Your urethra may not be able to stay closed if the muscles in your pelvis (pelvic floor muscles) are weak or damaged, or your urethral sphincter (the ring of muscle that keeps the urethra closed) is damaged.
These problems may be caused by:
- damage during childbirth, particularly if the child was born vaginally rather than by caesarean section
- increased pressure on your tummy, for example because you are pregnant or obese
- damage to the bladder or nearby area during surgery, such as the removal of the womb (hysterectomy) in
- women or removal of the prostate gland in men
- neurological conditions, which affect the brain and spinal cord, such as Parkinson’s disease or multiple sclerosis
- certain connective tissue disorders, such as Ehlers-Danlos syndrome
- certain medications
Causes of urge incontinence
The urgent and frequent need to pass urine can be caused by a problem with the detrusor muscles in the walls of the bladder. The detrusor muscles relax to allow the bladder to fill with urine, then contract when you go to the toilet to let the urine out.
Sometimes the detrusor muscles contract too often, creating an urgent need to go to the toilet. This is known as having an ‘overactive bladder’. The reason your detrusor muscles contract too often may not be clear, but possible causes include:
- drinking too much alcohol or caffeine
- poor fluid intake – this can cause strong, concentrated urine to collect in your bladder, which can irritate your bladder and cause symptoms of overactivity
- conditions affecting the lower urinary tract (urethra and bladder), such as urinary tract infections (UTIs) or tumours in the bladder
Causes of overflow incontinence
Overflow incontinence, also called chronic urinary retention, is often caused by a blockage or obstruction to your bladder. Your bladder may fill up as usual, but as it is obstructed you will not be able to empty it completely, even when you try.
At the same time, pressure from the urine that is still in your bladder builds up behind the obstruction, causing frequent leaks.
Your bladder can become obstructed as a result of:
- an enlarged prostate gland (in men)
- bladder stones
Overflow incontinence may also be caused by your detrusor muscles not fully contracting, which means that your bladder does not completely empty when you go to the toilet.

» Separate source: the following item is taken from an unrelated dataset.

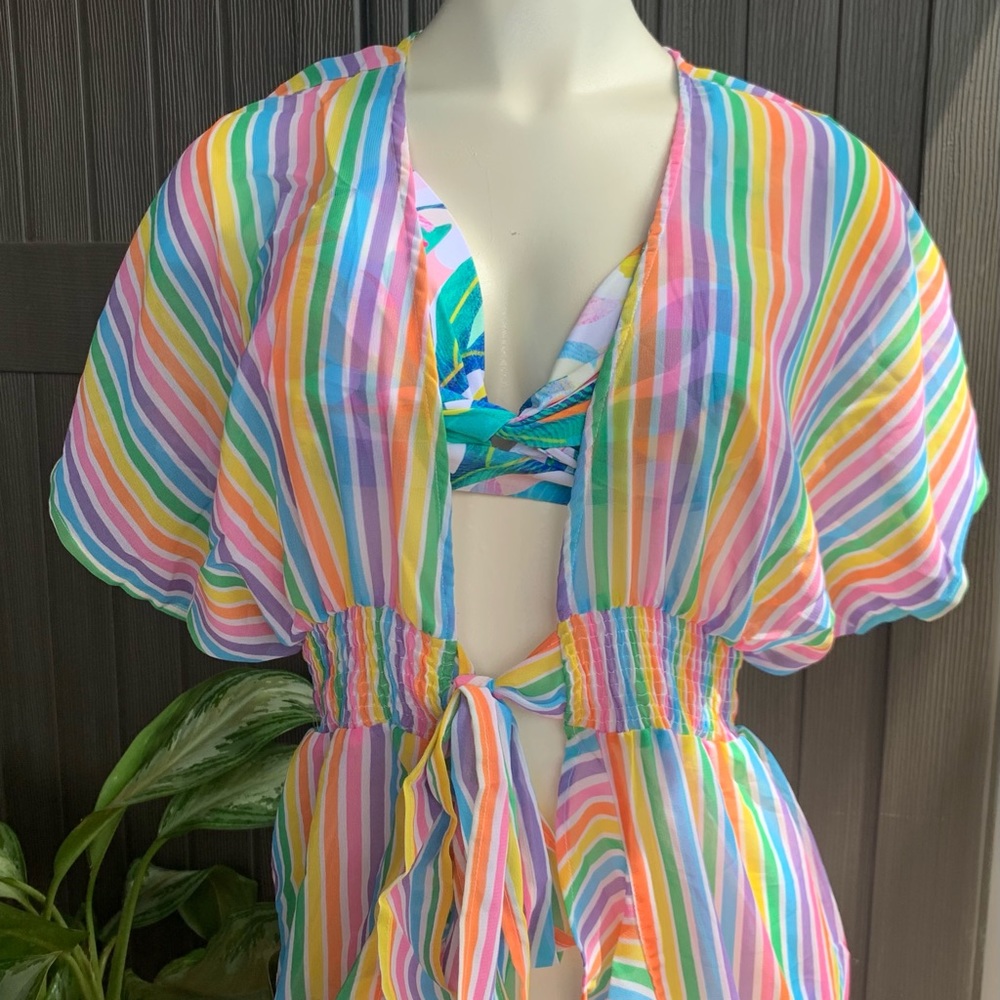 12/27/22 America & Beyond Rainbow Striped Dress/Coverup Size L NWT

As a result, the bladder becomes stretched. Your detrusor muscles may not fully contract if:
there is damage to your nerves, for example as a result of surgery to part of your bowel or a spinal cord injury
you are taking certain medications
Causes of total incontinence
Total incontinence occurs when your bladder cannot store any urine at all. It can result in you either passing large amounts of urine constantly, or passing urine occasionally with frequent leaking.
Total incontinence can be caused by:
- a problem with your bladder from birth
injury to your spinal cord, which can disrupt the nerve signals between your brain and your bladder
- a bladder fistula, which is a small tunnel-like hole that can form between the bladder and a nearby area, such as the vagina, in women
Medications that may cause incontinence
Some medicines can disrupt the normal process of storing and passing urine, or increase the amount of urine you produce. These include:
angiotensin-converting enzyme (ACE) inhibitors
- some antidepressants
- hormone replacement therapy (HRT)
Stopping these medications, if advised to do so by a doctor, may help resolve your incontinence.
Who is most at risk?
In addition to the causes mentioned above, there are some things that can increase your risk of developing urinary incontinence without directly being the cause of the problem.
These are known as risk factors.
Some of the main risk factors for urinary incontinence include:
family history – there may be a genetic link to urinary incontinence, so you may be more at risk if other people in your family have experienced the problem
increasing age – urinary incontinence becomes more common as you reach middle age and is particularly common in people over 80
having lower urinary tract symptoms (LUTS) – a range of symptoms that affect the bladder and urethra (read about the symptoms of urinary incontinence for more information)
What Increases Your Risk
Many things have been linked to an increased risk of urinary incontinence in men.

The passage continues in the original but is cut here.